X= {3,7,11,15,19,23,27,31} S(X) = {4,7,5,7,4,5,59,56}

But this is the first part we now have to arrange them in classes modulo 2 to power of S.

so we construct the classes for each S

C[S(X)=4] = {3,19,35...}

C[S(X)=7] = {7,135,263...}

C[S(X)=5] = {11,43,75...}

C[S(X)=7] = {15,143,271....}

C[S(X)=5] = {23,55,87...}

C[S(X)=59] = {27,27+2^59,27+2.2^59...}

C[S(X)=56] = {31,31+2^56,27+2.2^56...}

Note: its quite technical, u need to make sure no classes get duplicated they should all be DISJOINT.

youll notice in the above example there is only 1 class for S = 4 but two for S=5 and S=7, this will happen but the important thing is they are DISJOINT (i.e contain no common integers) or their intersection is zero.

the easieat way to find all the disjoint classes is to check from 3 up to ( 2 to power of S) - 1

e.g for S=5, we check from 3 up to 2^5 - 1 = 31 i.e from 3 to 31

we find the values 11 and 23 have S = 5. this is the only values from 3 to 31.

so this means there is exactly 2 classes modulo 2^5 for S = 5.

11,43,75,107......

23,55,87,119.....

there are NO OTHERS as the first in each class will be between 3 and 2^S -1

for S = 7 we check from 3 up to 127 and again we find the following classes modulo 128 (2^7)

7,135,263....

15,143,271...

59,187,315....

There are no others as the next one after 59 is 135 but that actually lives in the first class 7,135,263, its the 2nd element of the first class.

OK so now we know how to arrange each X into different Stoptime classes modulo 2^S (S is stoptime)

Now we need some meaningful data output

all i need is 2 columns of output in a csv format for excel.

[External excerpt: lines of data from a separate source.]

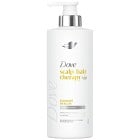 Dove Scalp + Hair Therapy balsam Damage Rescue 400 ml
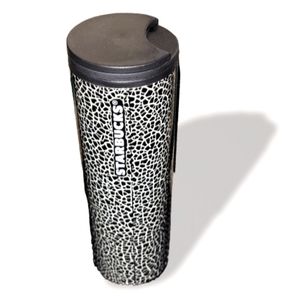 NWT 2022 Starbucks Glow-In-The-Dark Hot Cup 16oz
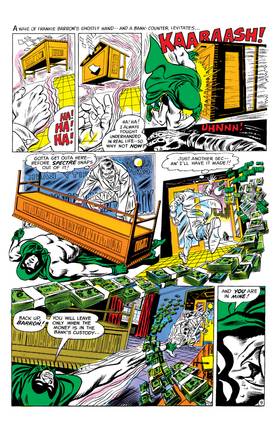 Read The Spectre (1967-1969)  7 Page 10 in English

col 1 will be the stop time and col 2 will be the number of classes for that stoptime... ill type the first few rows below

S C

4 1

5 2

7 3

the first 3 rows are above... S is the stoptime and C is the number of disjoint classes modulo 2^S

REQUIREMENTS

-----------------------------

Enter Start End and Increment

e.g

Start = 3

End = 31

Increment = 4

this will calculate the stoptimes for 3 up to 31 inclusive (increment of 4)

then it will compute the number of disjoint classes for each of these stop times up to 31.

we output this to csv file with 2 columns as described above

Note: no time wasters, i will only pay on delivery of quality work, the script must be fast and be able to handle very large numbers. you must communicate with me when needed, no ignorance or arrogance, all i want is quality work, no moaning, complaining or bad attitudes.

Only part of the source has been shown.